Kim Clijsters and What We Lost With Lehman

Newspaper headlines for the past week have extolled the phoenix–like feats of Kim Clijsters. Few have given more than a passing mention and a commemorative nod to the anniversary of Lehman Brothers’ demise. Yet the two, in fact, are connected.

The former Number 1 women’s tennis player who retired two years ago has been storming the battlements at the U.S. Open, cheered on by her husband and 18-month-old daughter—and thousands of men and women riveted by the very public spectacle of someone playing out their private story: A talented woman who dropped out at the top of her game to have a child and is now trying to step back into her career at the highest level. No matter whether Clijsters ends up hoisting the winner’s hardware or smiling gamely from the sidelines — I’m writing this blog on the eve of the finals — she has proven without a doubt that women don’t lose their competitive mojo just because they become mothers.

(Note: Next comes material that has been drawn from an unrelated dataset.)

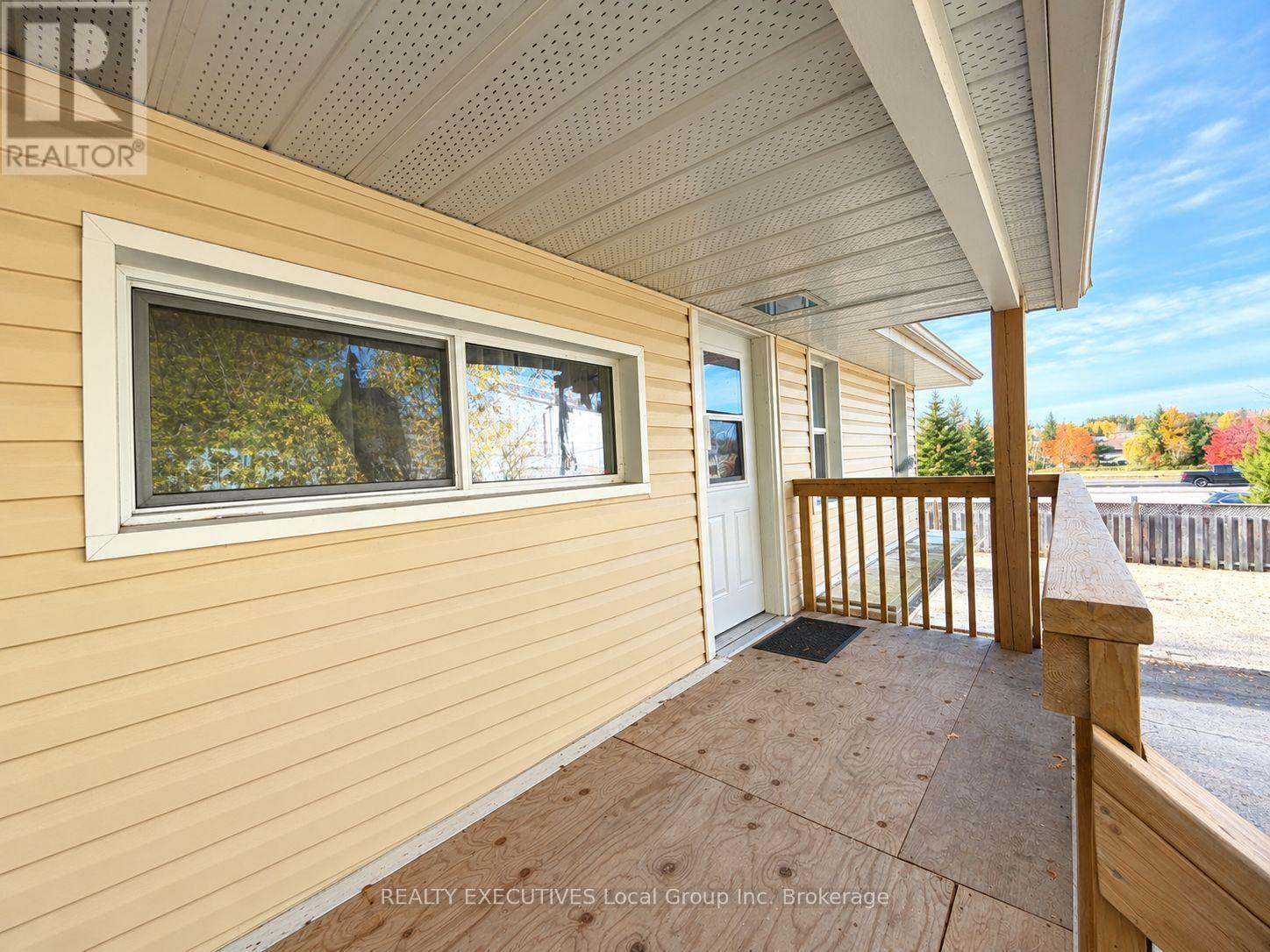 978 Main Street N Property Photo 17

What Clijsters has done, said Stacey Allaster, the new chief executive of the Women’s Tennis Association, in an article in The New York Times, “sends an incredible message to working moms that you can have a career and be successful at your profession.”

Yet it’s a message that many corporations still don’t get, especially those in fast-paced, high-pressure industries like the financial sector. Once you decide to take the off-ramp from your career super-highway, the thinking goes, you can never rev up the pace to get back on the on-ramp. Lehman, however, didn’t believe that.

Lehman led the way in developing the first and best-in-class program for on-ramping women. Launched in November 2005 and rolled out in New York, London, Hong Kong and Tokyo, Lehman Brothers Encore transformed the career prospects of hundreds of highly talented women in the financial sector.

Encore was not an alumnae reunion nor a job fair wrapped up in touchy-feely language. Explains Anne Erni, the program’s designer (who headed up Lehman’s diversity initiatives between 2003 and 2008 and is now Head of Leadership, Learning and Diversity at Bloomberg LP), the aim was “to legitimize women who have off-ramped and create a new stream of experienced talent for the firm.”

In contrast to new recruits straight from college or business school, off-ramped women — and, as the program picked up steam, men — would bring many more skills and a wider range of contacts to the job. Financial incentives for the company included savings around the costs associated with luring high-level talent from other companies, costs that could include headhunting fees and the spiked salaries often needed to attract talent that’s well-situated elsewhere. Lehman’s investment in a full-time recruiter-manager, a diversity-oriented search firm and customized “reskilling” to bring the new on-ramping recruits up to speed, as well as creating flexible work schedules to accommodate shared priorities, was amply repaid by access to a previously untapped source of professional, available, enthusiastic talent eager to jump back into the game.

Once Lehman broke the mold, other financial firms soon followed, notably Merrill Lynch, whose “Greater Returns: Restarting Your Career” on-ramping program, developed in partnership with Columbia Business School Executive Education, was launched in October 2008. For a while, it looked as though these initiatives would disappear amid the devastation of the economic meltdown. But Bank of America is committed to continuing the program next spring in combination with its own on-ramping initiative, “Career Connections.”

In short, there’s a growing recognition of what high-performing women already knew and that Kim Clijsters’ reappearance solidly proves: that the beginning of one’s childbearing years needn’t mean the end of a competitive career.

As companies turn to their top talent to lead them out of the recession, let’s hope that they will carry on Lehman’s legacy and look for ways to bring their former stars back into the game.